The particular computation and control program used by computational control unit 27 or combined sequential controller and computational control unit 56, can vary and is adaptable by one skilled in the art to the particular parameters to be used for a particular electrostatic precipitator and the particular rappers thereof. One of the main features of the invention is that a control unit uses one or more of the three types of sensors discussed above, namely, temperature sensor 40, energy sensors 40a and 40b, and the various current sensors, to provide information to the control unit which in turn adjusts the duration and/or the magnitude (voltage) of the rapper coil power supply to maintain more or less constant rapping energy over the wide range of operating temperatures.
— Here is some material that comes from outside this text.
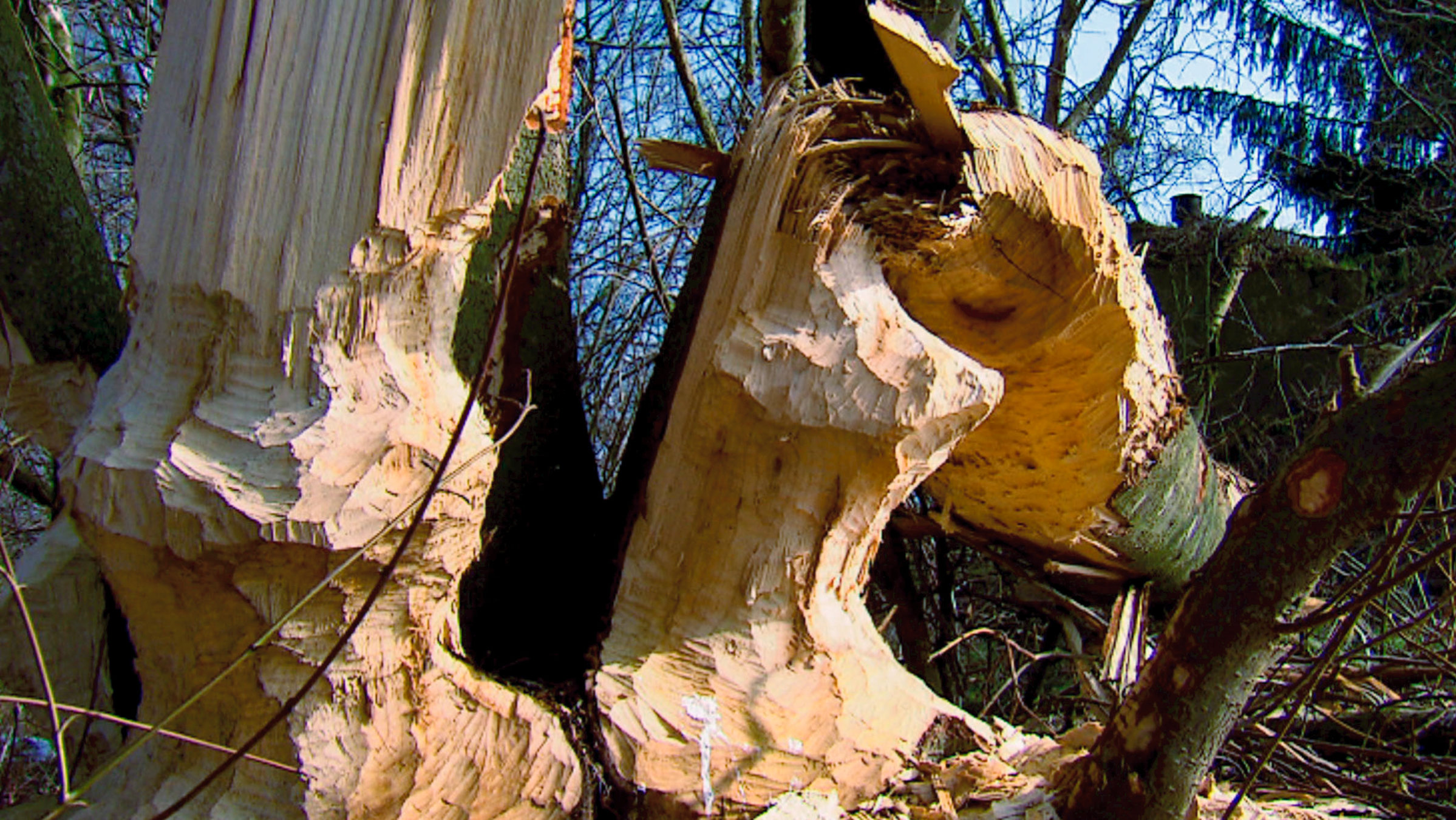 "NETZ NATUR: Biber": Abgenagte Baumstämme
In the embodiment depicted in FIGS. 1 and 2, control is by varying the number of half cycles of the AC power line during which thyristors 21 and 22 conduct (on time control) and/or by varying the portion of each half cycle during those half cycles of conduction in which the thyristors are caused to conduct, commonly known as phase firing.
In the embodiment depicted in FIG. 3, control is by varying the number of half cycles of the AC power line during which thyristors 48 and 49 conduct (on time control) and/or by varying the portion of each half cycle during those half cycles of conduction in which the thyristors are caused to conduct (phase firing).
The invention can be implemented using various combinations of the temperature sensors, current sensors and energy sensors, and need not have the exact configurations and uses thereof as shown in FIGS. 1-3. The power supplied to the rappers regulates the lift height of rapper slug 7 in a "gravity fall" type of rapper or regulates the magnetic force which is applied to a magnetic impact/spring return type of rapper wherein a positive force is applied to the slug 7 for striking strike plate 9, dependent upon the strength of the magnetic force created by the current applied to coil 4, instead of relying upon the fall height of the slug.
Accordingly, the improved rapper control system provides an effective, safe, and efficient system which achieves all the enumerated objectives, provides for eliminating difficulties encountered with prior systems, and solves problems and obtains new results in the art.
In the foregoing description, certain terms have been used for brevity, clearness and understanding; but no unnecessary limitations are to be implied therefrom beyond the requirement of the prior art, because such terms are used for descriptive purposes and are intended to be broadly construed.
Moreover, the description and illustration of the invention is by way of example, and the scope of the invention is not limited to the exact details shown or described.
Having now described the features, discoveries and principles of the invention, the manner in which the improved rapper control system is constructed and used, the characteristics of the system, and the advantageous, new and useful results obtained; the new and useful structures, devices, elements, arrangements, parts and combinations, are set forth in the appended claims.